Mr. Gladly named another group as the winners, by virtue of the sheer number of things they had come up with, though he made a point of saying the quality of Madison’s work was nearly good enough to count. From there, he moved on to his lecture.
I was steamed and I could hardly focus on the lecture, as my power crackled and tugged at my attention from the periphery of my consciousness, making me acutely aware of every bug within a tenth of a mile. I could tune it out, but the extra concentration that took, coupled with the anger I felt towards Madison and Mr. Gladly, was distracting enough that I couldn’t focus on the lecture. I took a cue from Sparky and put my head down on the desk. Being as exhausted from the previous night’s activity as I was, it was all I could do to keep from dozing off. Still, spending the class half asleep made it go by faster. I was startled when the bell rang.
As everyone gathered their things and began to file out, Mr. Gladly approached me and quietly said, “I’d like you to stick around for a few minutes, please.”
I just nodded and put my books away, then waited for the teacher to finish negotiating where to meet the prize winners from the class contest so he could pay for their prizes.
When it was just me and Mr. Gladly in the classroom, he cleared his throat and then told me, “I’m not stupid, you know.”
“Okay,” I replied, not sure how to respond.

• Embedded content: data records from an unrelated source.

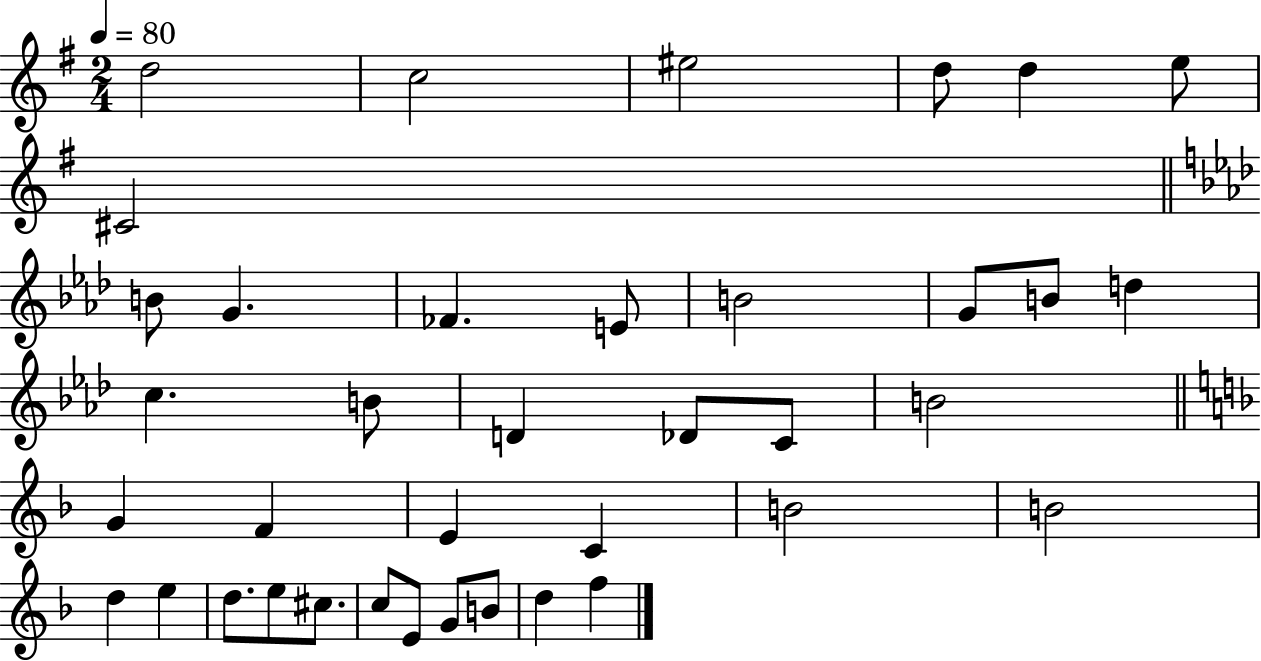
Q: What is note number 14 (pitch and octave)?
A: B4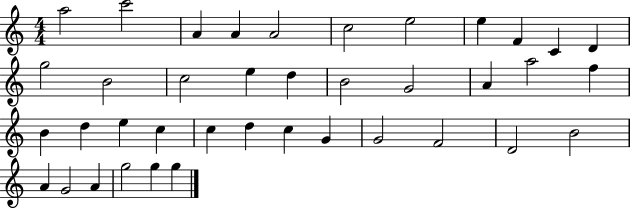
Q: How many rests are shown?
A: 0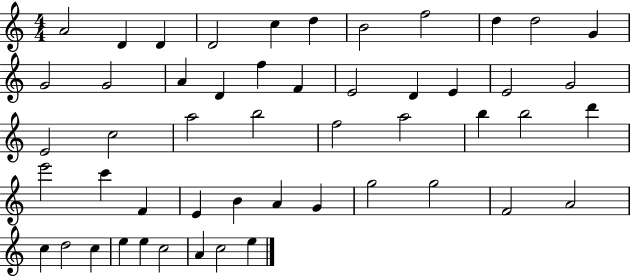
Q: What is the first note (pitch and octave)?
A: A4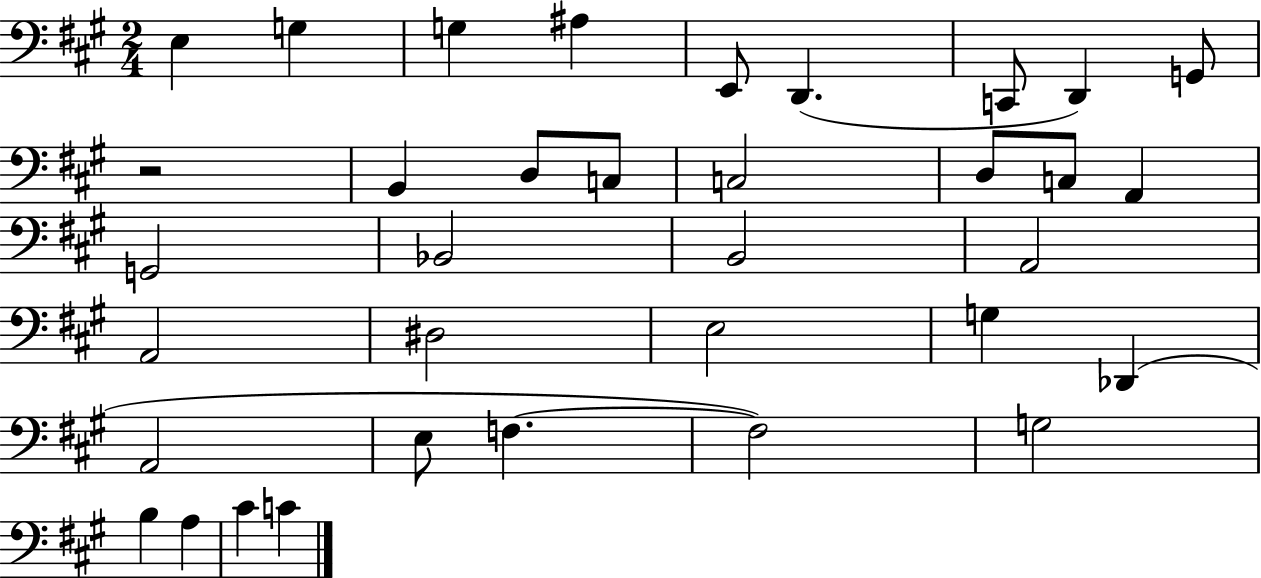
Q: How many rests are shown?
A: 1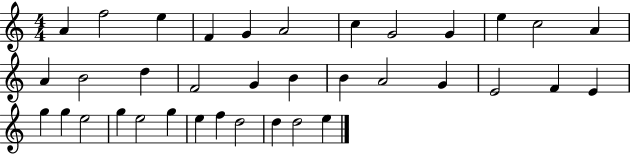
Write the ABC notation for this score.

X:1
T:Untitled
M:4/4
L:1/4
K:C
A f2 e F G A2 c G2 G e c2 A A B2 d F2 G B B A2 G E2 F E g g e2 g e2 g e f d2 d d2 e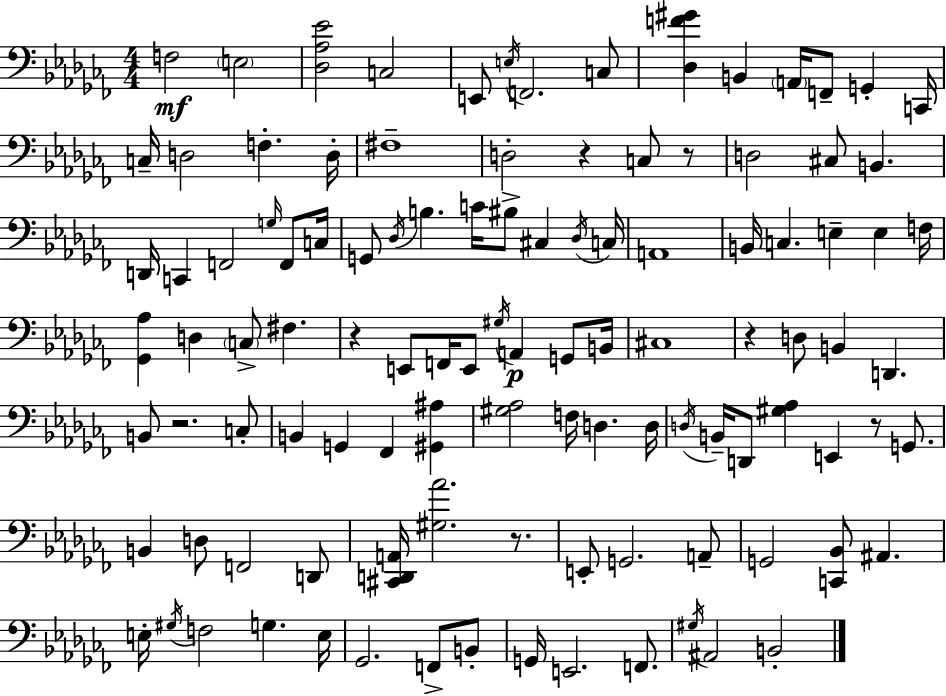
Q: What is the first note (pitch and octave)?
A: F3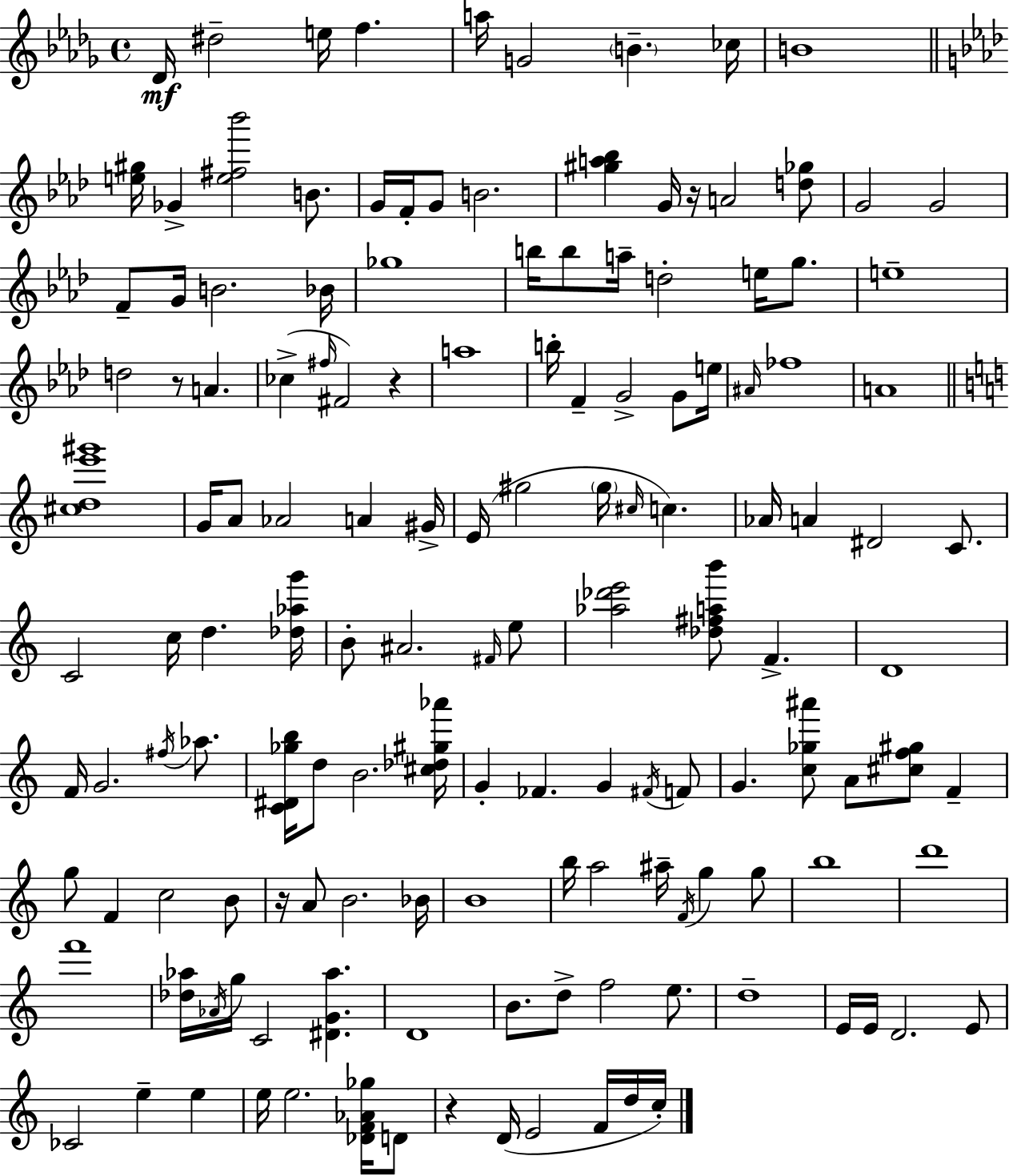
Db4/s D#5/h E5/s F5/q. A5/s G4/h B4/q. CES5/s B4/w [E5,G#5]/s Gb4/q [E5,F#5,Bb6]/h B4/e. G4/s F4/s G4/e B4/h. [G#5,A5,Bb5]/q G4/s R/s A4/h [D5,Gb5]/e G4/h G4/h F4/e G4/s B4/h. Bb4/s Gb5/w B5/s B5/e A5/s D5/h E5/s G5/e. E5/w D5/h R/e A4/q. CES5/q F#5/s F#4/h R/q A5/w B5/s F4/q G4/h G4/e E5/s A#4/s FES5/w A4/w [C#5,D5,E6,G#6]/w G4/s A4/e Ab4/h A4/q G#4/s E4/s G#5/h G#5/s C#5/s C5/q. Ab4/s A4/q D#4/h C4/e. C4/h C5/s D5/q. [Db5,Ab5,G6]/s B4/e A#4/h. F#4/s E5/e [Ab5,Db6,E6]/h [Db5,F#5,A5,B6]/e F4/q. D4/w F4/s G4/h. F#5/s Ab5/e. [C4,D#4,Gb5,B5]/s D5/e B4/h. [C#5,Db5,G#5,Ab6]/s G4/q FES4/q. G4/q F#4/s F4/e G4/q. [C5,Gb5,A#6]/e A4/e [C#5,F5,G#5]/e F4/q G5/e F4/q C5/h B4/e R/s A4/e B4/h. Bb4/s B4/w B5/s A5/h A#5/s F4/s G5/q G5/e B5/w D6/w F6/w [Db5,Ab5]/s Ab4/s G5/s C4/h [D#4,G4,Ab5]/q. D4/w B4/e. D5/e F5/h E5/e. D5/w E4/s E4/s D4/h. E4/e CES4/h E5/q E5/q E5/s E5/h. [Db4,F4,Ab4,Gb5]/s D4/e R/q D4/s E4/h F4/s D5/s C5/s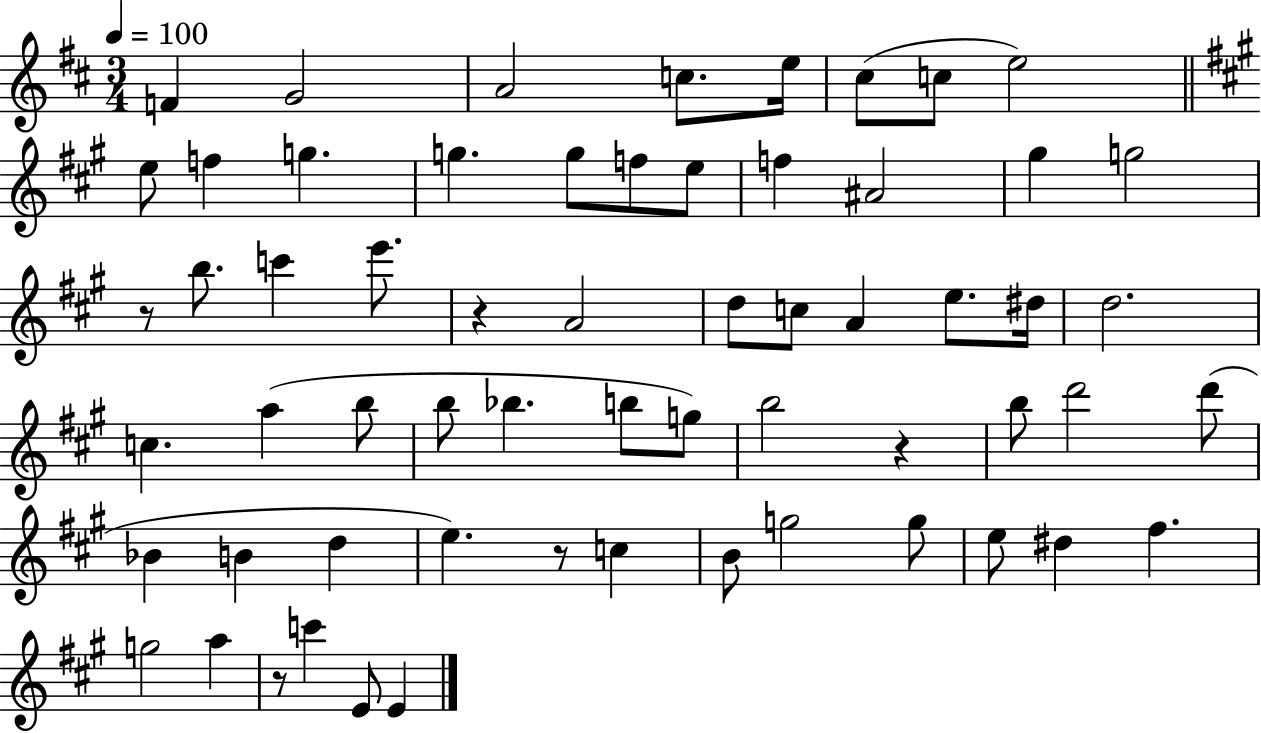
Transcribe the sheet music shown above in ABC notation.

X:1
T:Untitled
M:3/4
L:1/4
K:D
F G2 A2 c/2 e/4 ^c/2 c/2 e2 e/2 f g g g/2 f/2 e/2 f ^A2 ^g g2 z/2 b/2 c' e'/2 z A2 d/2 c/2 A e/2 ^d/4 d2 c a b/2 b/2 _b b/2 g/2 b2 z b/2 d'2 d'/2 _B B d e z/2 c B/2 g2 g/2 e/2 ^d ^f g2 a z/2 c' E/2 E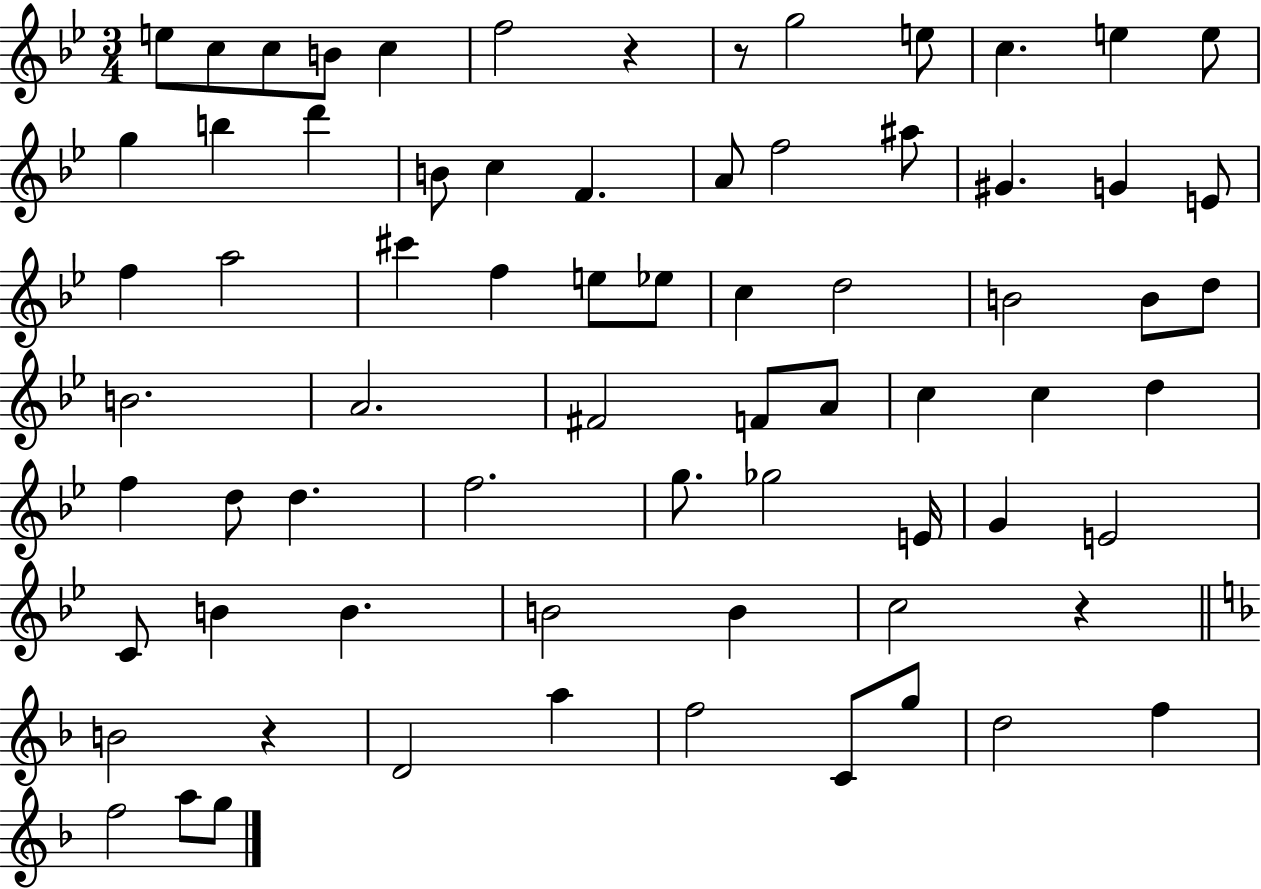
E5/e C5/e C5/e B4/e C5/q F5/h R/q R/e G5/h E5/e C5/q. E5/q E5/e G5/q B5/q D6/q B4/e C5/q F4/q. A4/e F5/h A#5/e G#4/q. G4/q E4/e F5/q A5/h C#6/q F5/q E5/e Eb5/e C5/q D5/h B4/h B4/e D5/e B4/h. A4/h. F#4/h F4/e A4/e C5/q C5/q D5/q F5/q D5/e D5/q. F5/h. G5/e. Gb5/h E4/s G4/q E4/h C4/e B4/q B4/q. B4/h B4/q C5/h R/q B4/h R/q D4/h A5/q F5/h C4/e G5/e D5/h F5/q F5/h A5/e G5/e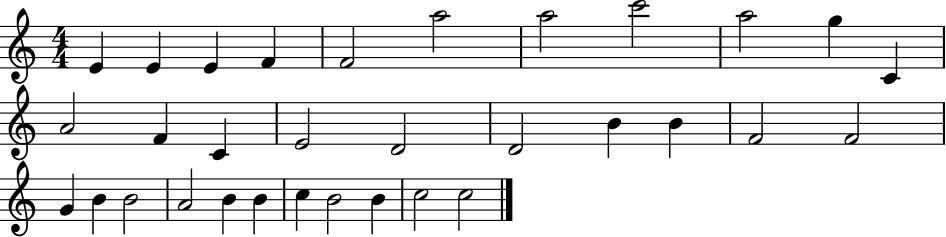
X:1
T:Untitled
M:4/4
L:1/4
K:C
E E E F F2 a2 a2 c'2 a2 g C A2 F C E2 D2 D2 B B F2 F2 G B B2 A2 B B c B2 B c2 c2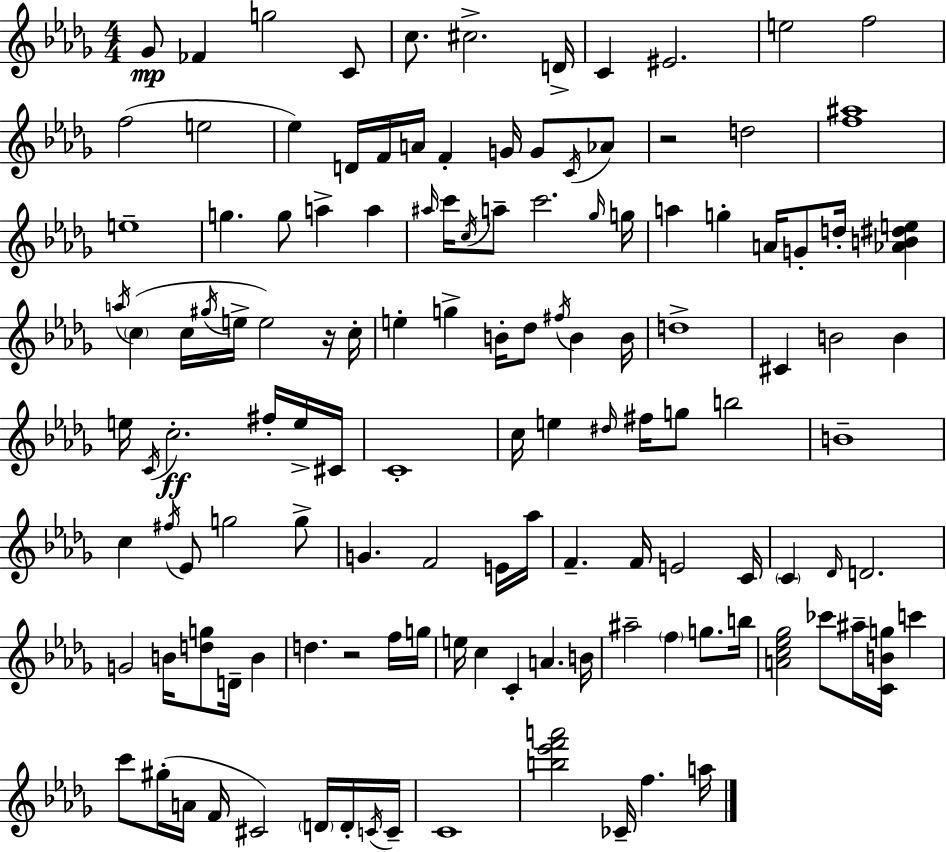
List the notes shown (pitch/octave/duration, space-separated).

“I have something of an idea of what goes on in my classroom. I don’t know exactly who, but I know some people are giving you a pretty hard time.”
“Sure,” I said.
“I saw the mess left on your usual seat today. I remember a few weeks back when glue was smeared on your desk and chair. There was also the incident that happened at the start of the year. All of your teachers had a meeting about that.”
I couldn’t meet his gaze as he brought that last event up. I looked at my feet.
“And I’m guessing there’s more that I don’t know about?”
“Yeah,” I said, still looking down. It was hard to explain how I felt about this conversation. I was gratified, I think, that someone had brought it up, but annoyed that that someone was Mr. Gladly. I felt kind of embarrassed too, like I had walked into a door and someone was trying too hard to make sure I was okay.
“I asked you after the glue incident. I’m asking you again. Would you be willing to go to the office with me, to talk with the principal and vice principal?”
After a few moments of consideration, I looked up and asked him, “What would happen?”
“We’d have a discussion about what’s been going on. You would name the person or people you believe responsible, and each of them would be called in to talk to the principal, in turn.”
“And they’d get expelled?” I asked, though I already knew the answer.
Mr. Gladly shook his head, “If there was enough proof, they would be suspended for several days, unless they’ve done something very serious. Further offenses could lead to longer suspensions or expulsion.”
I gave a rueful chuckle, feeling the frustration welling up, “Great. So they might miss a few days of school, and only if I can prove they were behind it all… and whether they get suspended or not, they feel a hundred percent justified in whatever else they do to the rat for revenge.”
“If you want things to get better, Taylor, you have to start somewhere.”
“That isn’t a starting point. It’s shooting myself in the foot,” I said, pulling my bag over my shoulder. When he didn’t immediately respond, I left the classroom.
Emma, Madison, Sophia and a half dozen other girls were standing in the hall, waiting for me.